A QUEER FUNERAL.–– A correspondent of the Norwich (Conn,) Examiner writes:––
'Between fifteen and twenty slaves commenced a stampede from one of the southern States not long since, and arrived safely in a city of the West, which is somewhat famous as a gateway out of the house of bondage, when to their utter consternation, they found that their movements had been anticipated, and every avenue from the city was watched day and night for their apprehension. What was to be done? It was hard to think of going back. Scouts reported that it was impossible to elude the vigilance of a well paid, numerous and unscrupulouspolice, which was surrounding the city as a body guard. Those who think colored people do not know enough to take care of themselves, would have given their case up as hopeless. But no so they. Thinking that even a hireling slave catcher would suffer a funeral procession to pass unmolested upon the public road, a number of carriages were hired, coffin and hearse also procured, and on a summer’s afternoon, the careless, passing throng saw, as they supposed, a colored funeral procession slowly winding its way out of the city.

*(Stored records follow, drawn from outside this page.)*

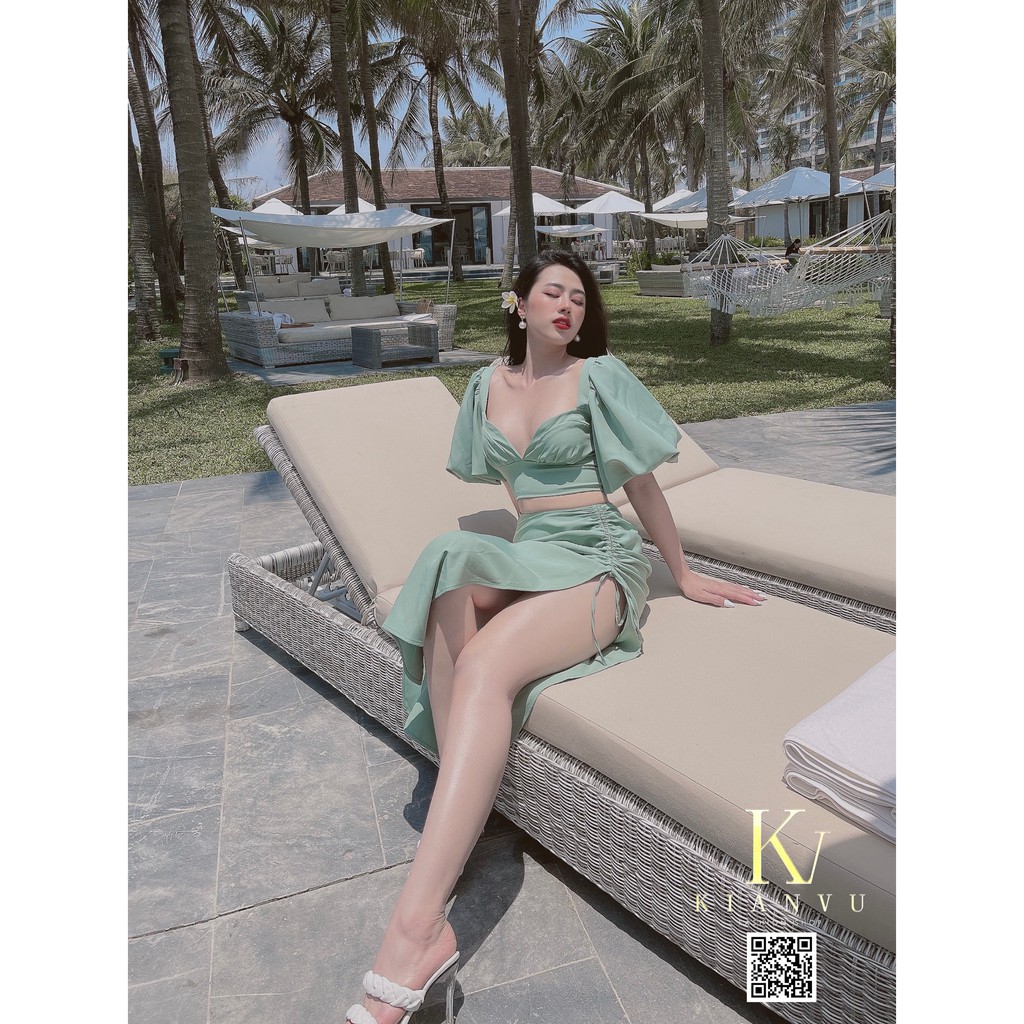 SET ÁO CROPTOP TAY BỒNG CÚP NGỰC CHUN ÔM NỊNH EO CHÂN VÁY XẺ TÀ CAO
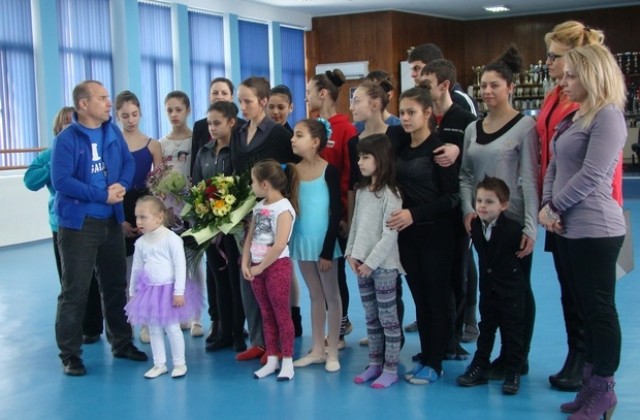 13 в майсторския клас на прима балерината Диляна Никифорова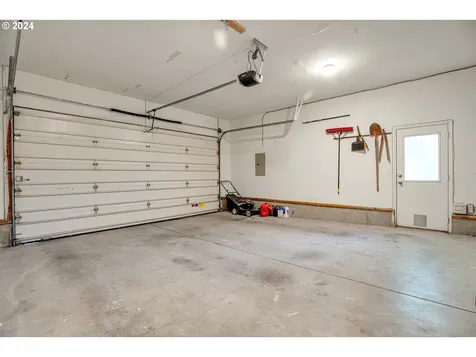 16605 NW Dublin Court Portland OR 97229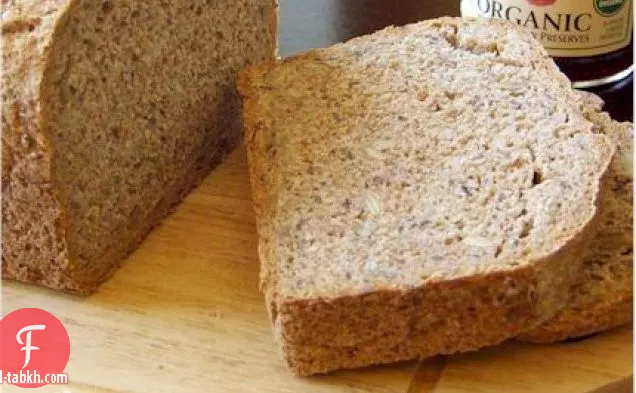 خبز كامل الحبوب على الطريقة الألمانية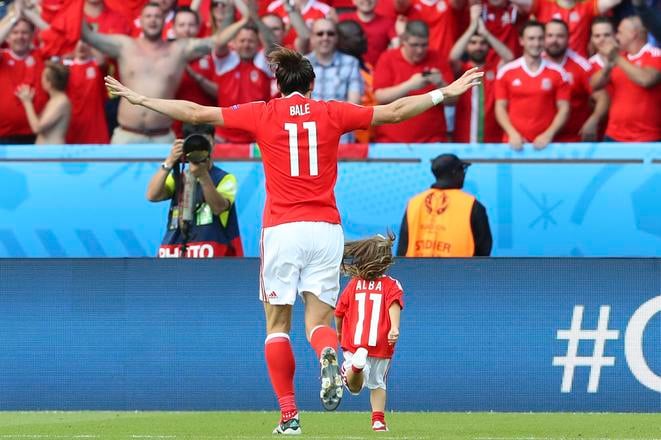 Archívna fotografia - Hráč Walesu Gareth Bale so svojou dcérkou Albou (vpravo).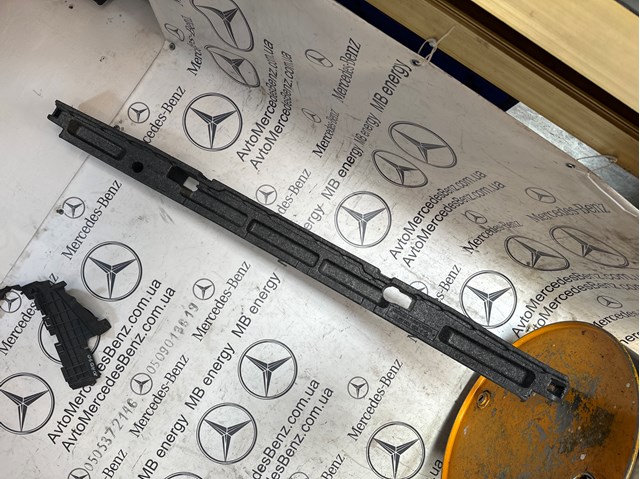 Абсорбер бампера переднього 1698850537 MERCEDES
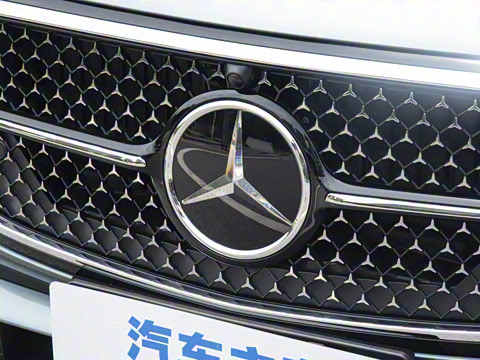 2025�� �Ŀ� E 300 ʱ�����˶���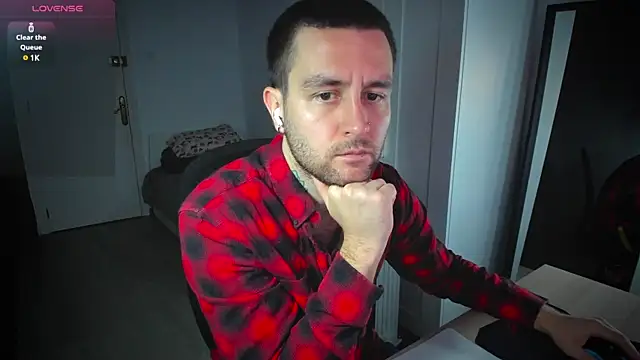 Snapshot of HonestAndrew chatting on 9, 2, 2025 HonestAndrew online show from 9, 2, 2025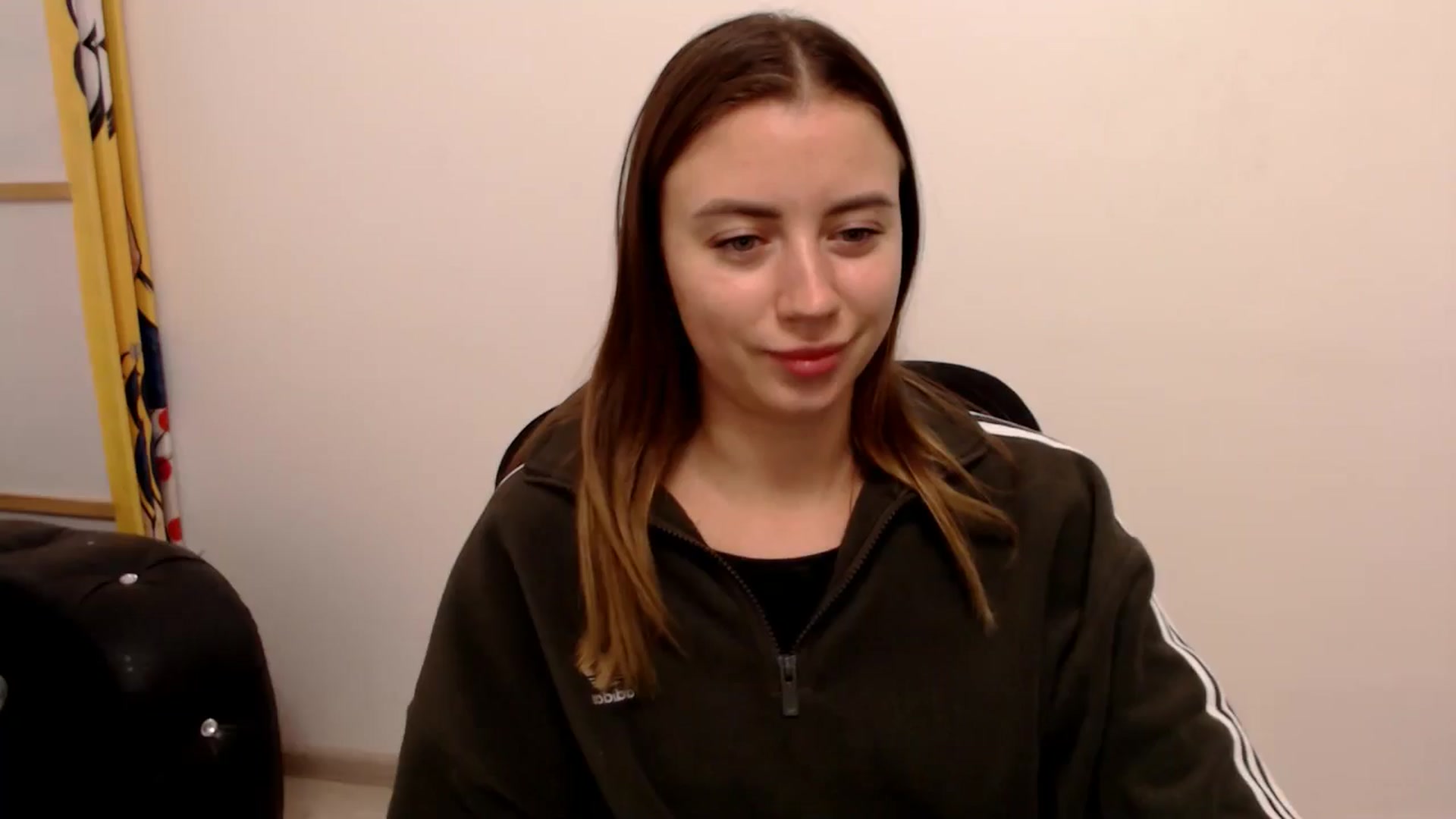 Gallery image thumbnail from Sulfate0's myfreecams stream on, 11/11/2025, 19:04 image 1 of 20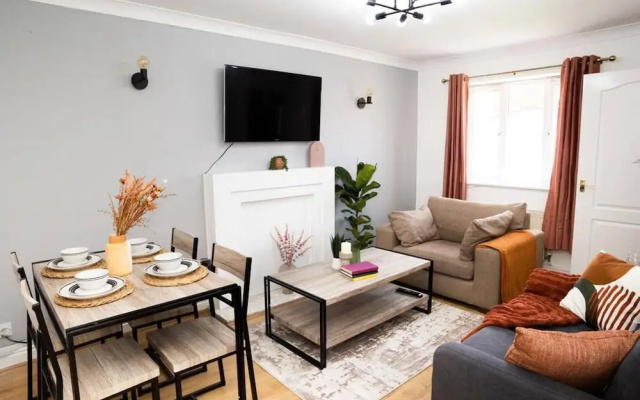 Lovely 2bedroom Home in Haydock With Free Parking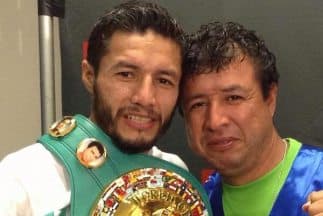 Jhonny junto a su hermano Miguel Ángel (Foto: twitter)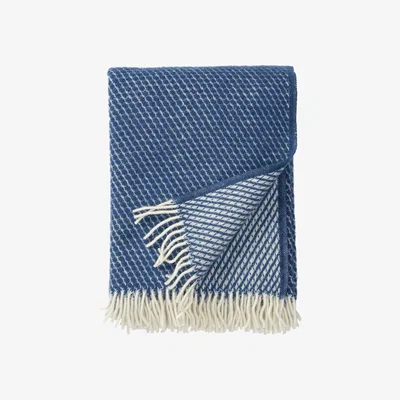 Nordic Nest Velvet wool throw petrol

The cortege attracted little attention, quietly and without interruption, it passed several mules beyond the town, where wagons were waiting. Hearse and carriages were then dismissed, and near a score of the happy children of this model republic (!) went rattling along, under the friendly cover of the night, as fast as possible towards Victoria’s cold domains!’
"A Queer Funeral," Boston (MA) Liberator, October 28, 1853, p.1.